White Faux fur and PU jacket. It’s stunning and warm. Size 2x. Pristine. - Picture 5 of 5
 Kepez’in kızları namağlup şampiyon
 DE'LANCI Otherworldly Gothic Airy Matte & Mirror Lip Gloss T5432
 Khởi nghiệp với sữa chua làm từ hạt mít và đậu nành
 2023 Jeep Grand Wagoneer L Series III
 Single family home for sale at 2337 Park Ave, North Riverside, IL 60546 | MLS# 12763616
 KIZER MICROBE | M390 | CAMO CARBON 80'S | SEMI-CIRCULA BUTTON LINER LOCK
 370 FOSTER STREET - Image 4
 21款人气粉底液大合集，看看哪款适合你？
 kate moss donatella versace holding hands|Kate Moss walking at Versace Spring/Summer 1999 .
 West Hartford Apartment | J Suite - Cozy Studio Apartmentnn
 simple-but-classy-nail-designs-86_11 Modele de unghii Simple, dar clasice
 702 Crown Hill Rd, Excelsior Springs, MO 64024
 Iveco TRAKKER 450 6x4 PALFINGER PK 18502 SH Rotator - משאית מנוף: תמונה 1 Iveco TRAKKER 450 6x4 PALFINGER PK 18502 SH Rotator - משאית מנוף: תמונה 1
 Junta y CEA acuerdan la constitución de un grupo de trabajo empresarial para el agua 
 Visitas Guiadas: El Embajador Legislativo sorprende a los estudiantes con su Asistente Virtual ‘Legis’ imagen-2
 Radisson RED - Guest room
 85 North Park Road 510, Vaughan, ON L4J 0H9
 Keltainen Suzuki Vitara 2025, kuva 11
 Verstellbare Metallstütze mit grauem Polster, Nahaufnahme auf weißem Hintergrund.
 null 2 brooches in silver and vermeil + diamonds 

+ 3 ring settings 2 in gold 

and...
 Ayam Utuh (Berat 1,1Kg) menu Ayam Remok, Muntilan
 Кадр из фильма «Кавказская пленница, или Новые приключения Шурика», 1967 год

======

Task item
Scan the material above for lines holding "North" and copy each of them.

Exercise response
 Single family home for sale at 2337 Park Ave, North Riverside, IL 60546 | MLS# 12763616
 85 North Park Road 510, Vaughan, ON L4J 0H9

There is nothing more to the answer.